══ Supplied material ══
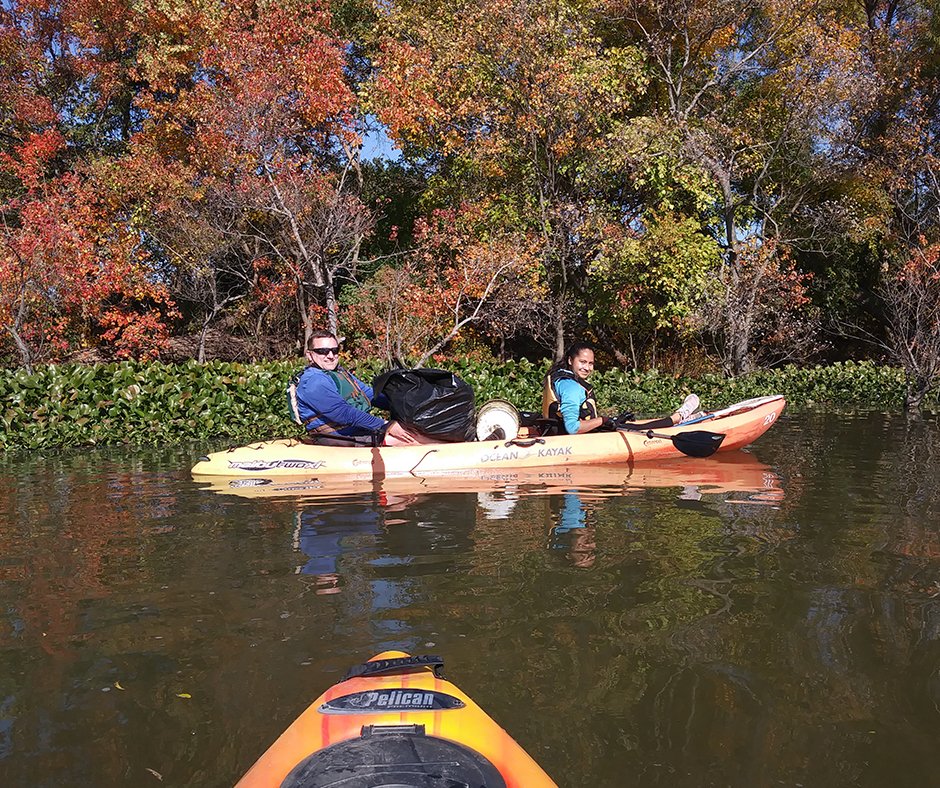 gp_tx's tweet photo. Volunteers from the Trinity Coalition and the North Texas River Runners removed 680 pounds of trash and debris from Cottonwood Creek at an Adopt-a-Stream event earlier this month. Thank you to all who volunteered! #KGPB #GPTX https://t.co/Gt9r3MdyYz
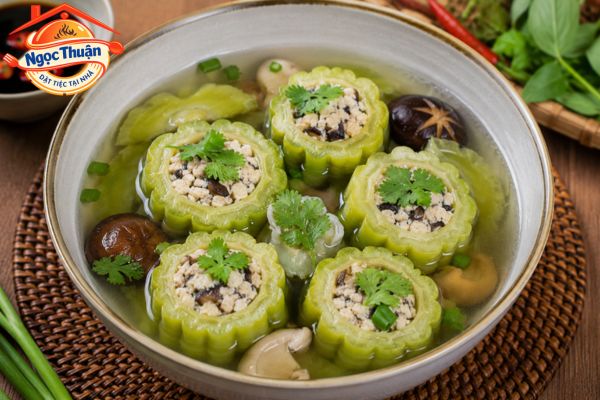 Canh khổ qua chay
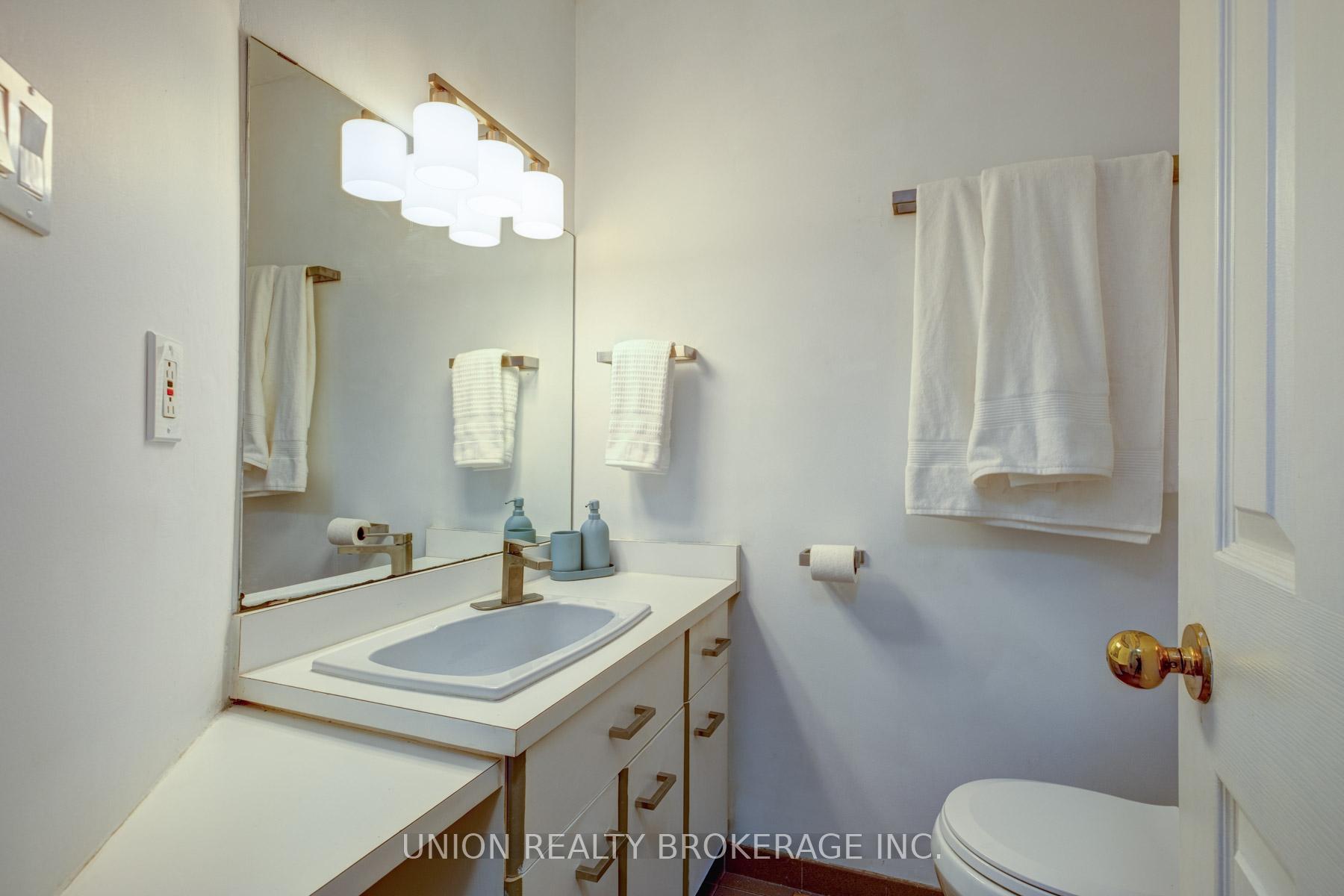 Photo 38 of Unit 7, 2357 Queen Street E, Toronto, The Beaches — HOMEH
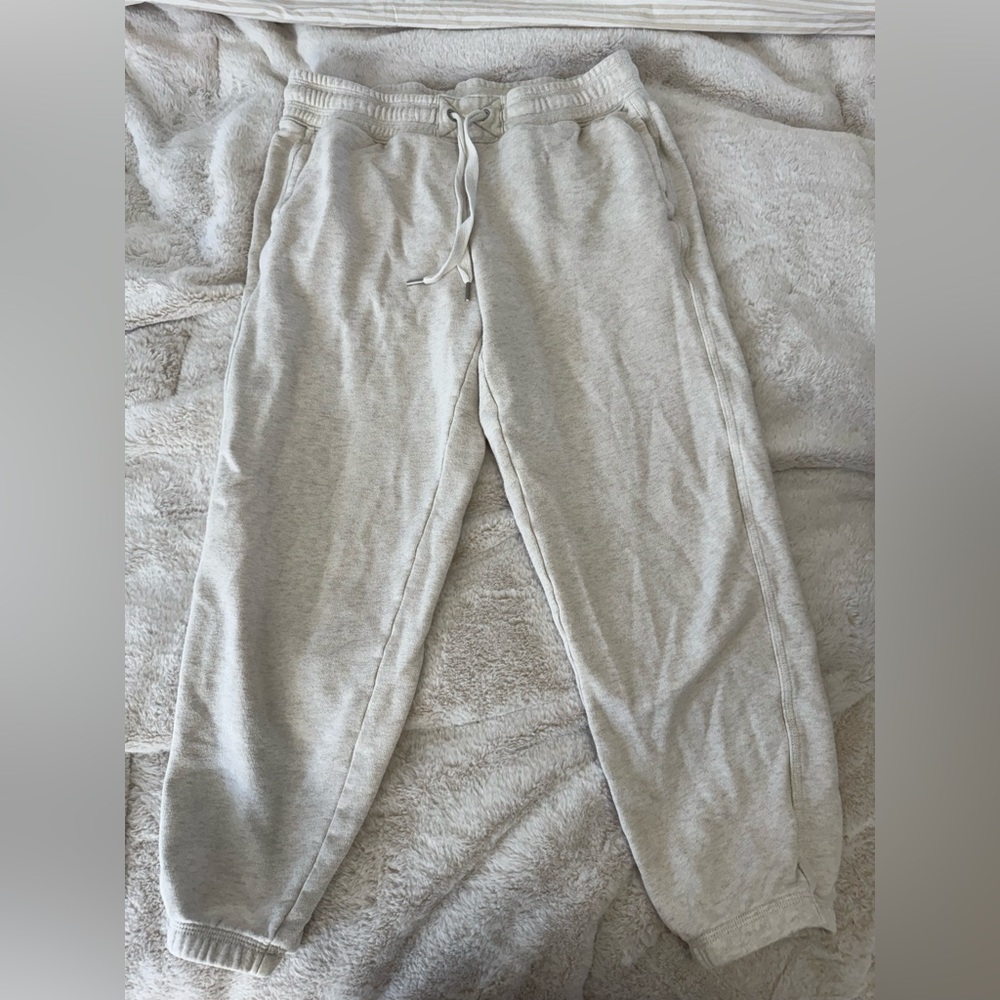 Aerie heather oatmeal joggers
═══
Copy out, unchanged, the span of lines beginning with the one that includes "Canh khổ qua chay" and running through the final line of the material above. Leave the pictures out.

_Answer area_
 Canh khổ qua chay
 Photo 38 of Unit 7, 2357 Queen Street E, Toronto, The Beaches — HOMEH
 Aerie heather oatmeal joggers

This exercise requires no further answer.